My mother’s cold voice shot ice through my veins, freezing me in place, too terrified to turn. Halvor’s eyes flashed to mine and then past me. My mother’s presence loomed behind us, every bit as foreboding as the hedge outside.
“Madam, please forgive them. I was lost and called out for help—they were kind enough to—”
“Spare me your lies,” she snarled.
The slap of her heels on stone stamped over the harsh throbbing of my heartbeat. She paused to grab my sleeve, yanking me to face her. “Slept in your clothes, did you, Zuhra?”
I kept my eyes on the ground, my guilt bitter and sharp on the back of my tongue.
Mother released me and faced Halvor. “What exactly were you doing with my daughter?”
“Nothing dishonorable, Madam. I swear it.”
“Nothing dishonorable,” she repeated. “Did you or did you not spend the entire night with her—unchaperoned?”
“No … that is, not like that…”
I barely swallowed my whimper of dismay. He’d as good as doomed us.
“Like that?” It was practically a shriek. “Like what, exactly? Like a young man and an unwed girl alone for the heavens only know how long in the middle of the night? The only proper recourse is to wed her immediately.”
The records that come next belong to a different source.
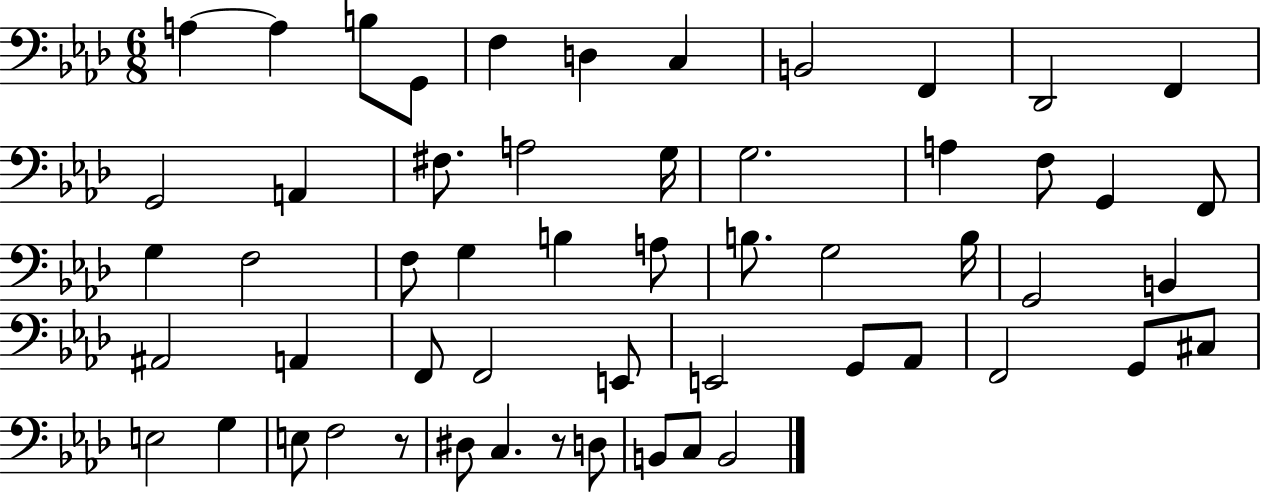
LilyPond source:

{
  \clef bass
  \numericTimeSignature
  \time 6/8
  \key aes \major
  a4~~ a4 b8 g,8 | f4 d4 c4 | b,2 f,4 | des,2 f,4 | \break g,2 a,4 | fis8. a2 g16 | g2. | a4 f8 g,4 f,8 | \break g4 f2 | f8 g4 b4 a8 | b8. g2 b16 | g,2 b,4 | \break ais,2 a,4 | f,8 f,2 e,8 | e,2 g,8 aes,8 | f,2 g,8 cis8 | \break e2 g4 | e8 f2 r8 | dis8 c4. r8 d8 | b,8 c8 b,2 | \break \bar "|."
}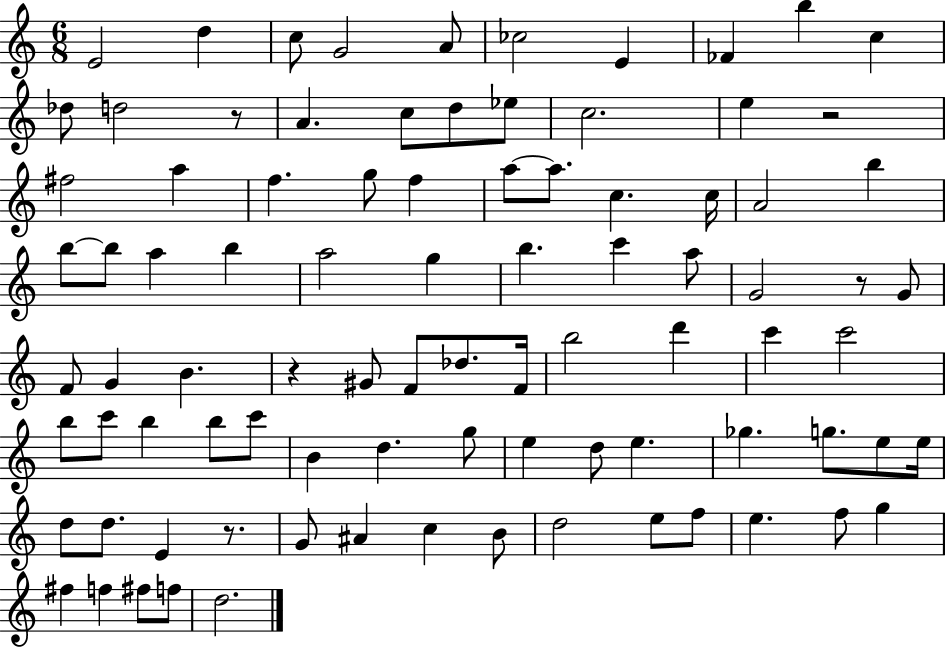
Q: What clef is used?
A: treble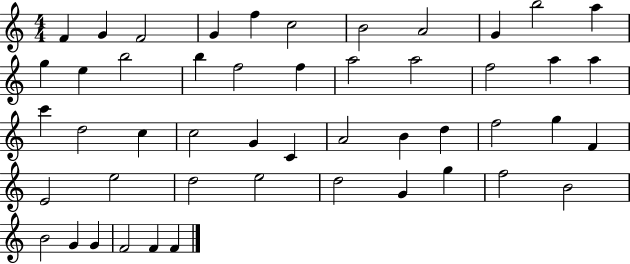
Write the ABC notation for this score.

X:1
T:Untitled
M:4/4
L:1/4
K:C
F G F2 G f c2 B2 A2 G b2 a g e b2 b f2 f a2 a2 f2 a a c' d2 c c2 G C A2 B d f2 g F E2 e2 d2 e2 d2 G g f2 B2 B2 G G F2 F F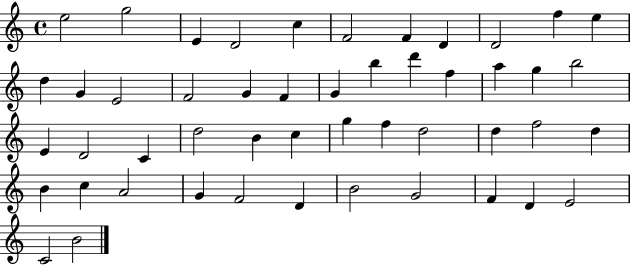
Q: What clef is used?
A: treble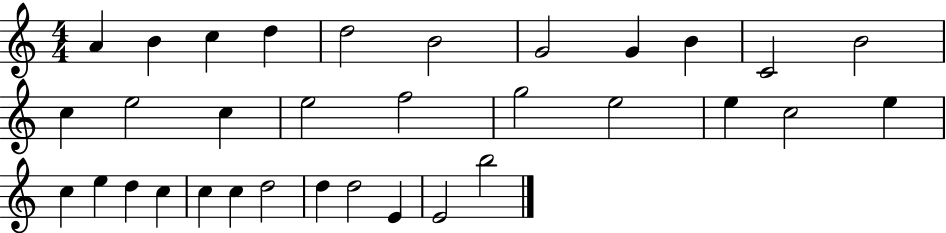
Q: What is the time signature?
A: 4/4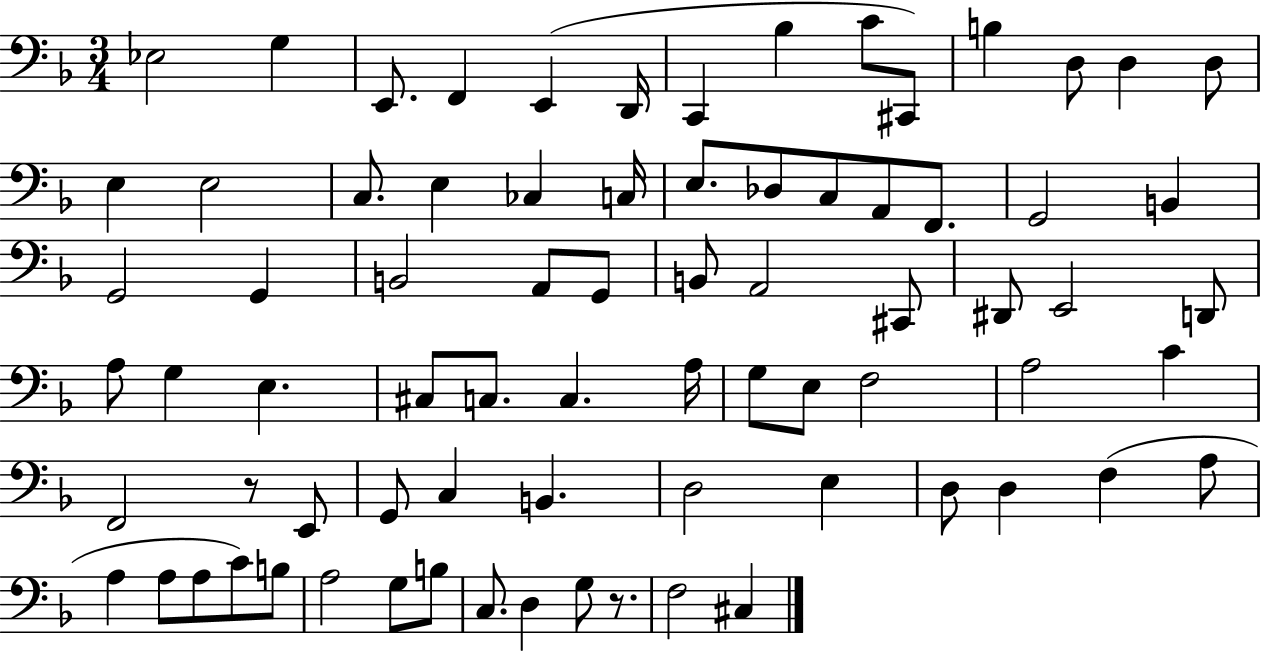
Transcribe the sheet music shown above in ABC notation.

X:1
T:Untitled
M:3/4
L:1/4
K:F
_E,2 G, E,,/2 F,, E,, D,,/4 C,, _B, C/2 ^C,,/2 B, D,/2 D, D,/2 E, E,2 C,/2 E, _C, C,/4 E,/2 _D,/2 C,/2 A,,/2 F,,/2 G,,2 B,, G,,2 G,, B,,2 A,,/2 G,,/2 B,,/2 A,,2 ^C,,/2 ^D,,/2 E,,2 D,,/2 A,/2 G, E, ^C,/2 C,/2 C, A,/4 G,/2 E,/2 F,2 A,2 C F,,2 z/2 E,,/2 G,,/2 C, B,, D,2 E, D,/2 D, F, A,/2 A, A,/2 A,/2 C/2 B,/2 A,2 G,/2 B,/2 C,/2 D, G,/2 z/2 F,2 ^C,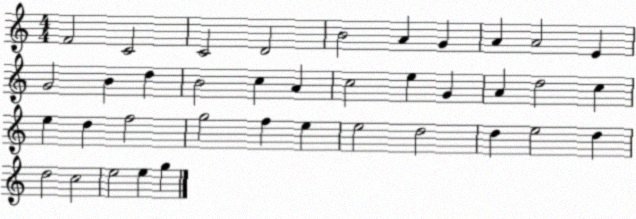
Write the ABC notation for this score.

X:1
T:Untitled
M:4/4
L:1/4
K:C
F2 C2 C2 D2 B2 A G A A2 E G2 B d B2 c A c2 e G A d2 c e d f2 g2 f e e2 d2 d e2 d d2 c2 e2 e g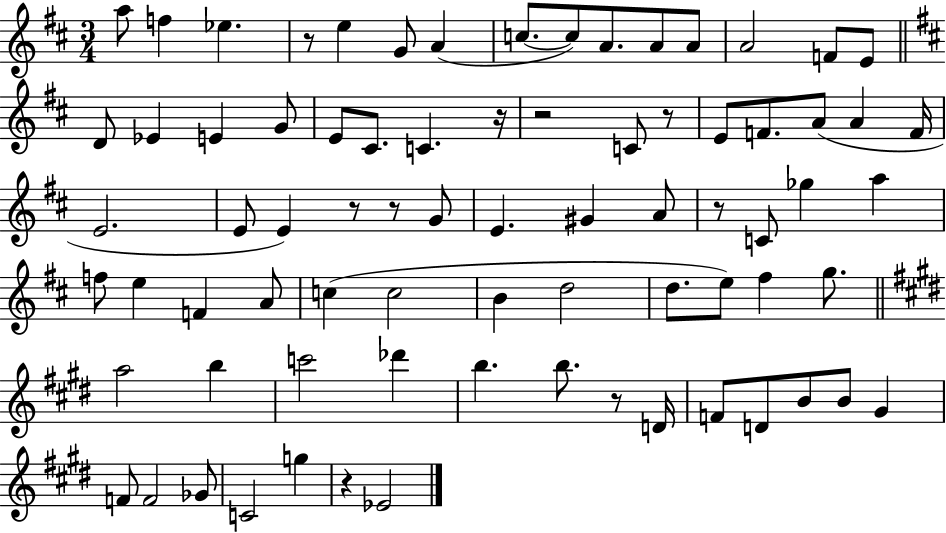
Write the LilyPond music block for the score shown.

{
  \clef treble
  \numericTimeSignature
  \time 3/4
  \key d \major
  a''8 f''4 ees''4. | r8 e''4 g'8 a'4( | c''8.~~ c''8) a'8. a'8 a'8 | a'2 f'8 e'8 | \break \bar "||" \break \key b \minor d'8 ees'4 e'4 g'8 | e'8 cis'8. c'4. r16 | r2 c'8 r8 | e'8 f'8. a'8( a'4 f'16 | \break e'2. | e'8 e'4) r8 r8 g'8 | e'4. gis'4 a'8 | r8 c'8 ges''4 a''4 | \break f''8 e''4 f'4 a'8 | c''4( c''2 | b'4 d''2 | d''8. e''8) fis''4 g''8. | \break \bar "||" \break \key e \major a''2 b''4 | c'''2 des'''4 | b''4. b''8. r8 d'16 | f'8 d'8 b'8 b'8 gis'4 | \break f'8 f'2 ges'8 | c'2 g''4 | r4 ees'2 | \bar "|."
}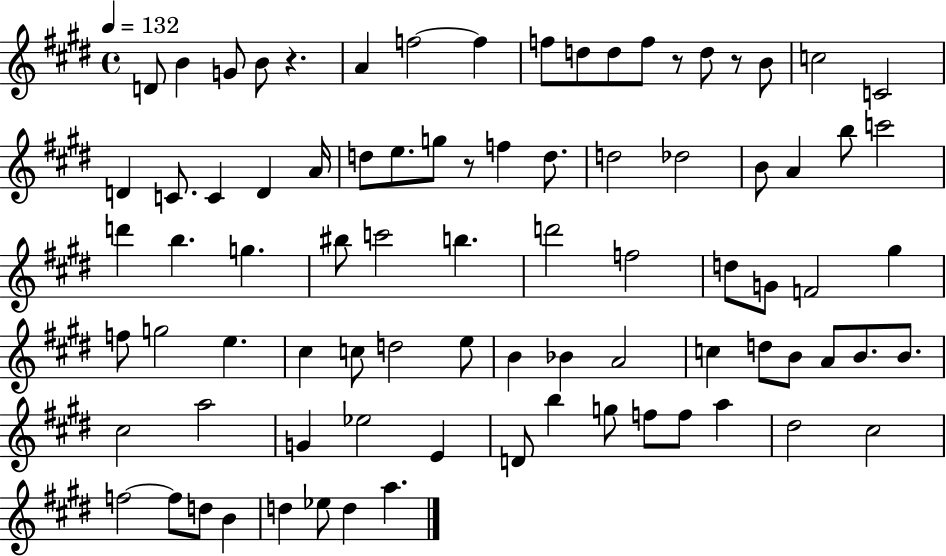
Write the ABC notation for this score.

X:1
T:Untitled
M:4/4
L:1/4
K:E
D/2 B G/2 B/2 z A f2 f f/2 d/2 d/2 f/2 z/2 d/2 z/2 B/2 c2 C2 D C/2 C D A/4 d/2 e/2 g/2 z/2 f d/2 d2 _d2 B/2 A b/2 c'2 d' b g ^b/2 c'2 b d'2 f2 d/2 G/2 F2 ^g f/2 g2 e ^c c/2 d2 e/2 B _B A2 c d/2 B/2 A/2 B/2 B/2 ^c2 a2 G _e2 E D/2 b g/2 f/2 f/2 a ^d2 ^c2 f2 f/2 d/2 B d _e/2 d a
“Mother!” My face was so hot it must have been vermillion.
“We were merely reading!” Halvor interjected and my stomach turned to lead. He probably thought himself helping, but he couldn’t possibly know that trespassing into the library was probably a much higher sin than fornicating on my mother’s list.
“Reading?” Her voice dropped to a frosty whisper.
I still stared at the stone floor that leeched the heat from my body, trying to restrain the trembling in my knees. I’d gone too long without sleep, without food; I was woozy with exhaustion and the ashes of my dying hopes.
Mother spun to face me. “You took him to the library, didn’t you.” It wasn’t a question. “Didn’t you!”
Finally I looked up, meeting her hazel eyes that I knew were mirror images of my own. The angrier she got the greener they were—and right now they flashed jade with only a thin rim of amber still visible around her irises.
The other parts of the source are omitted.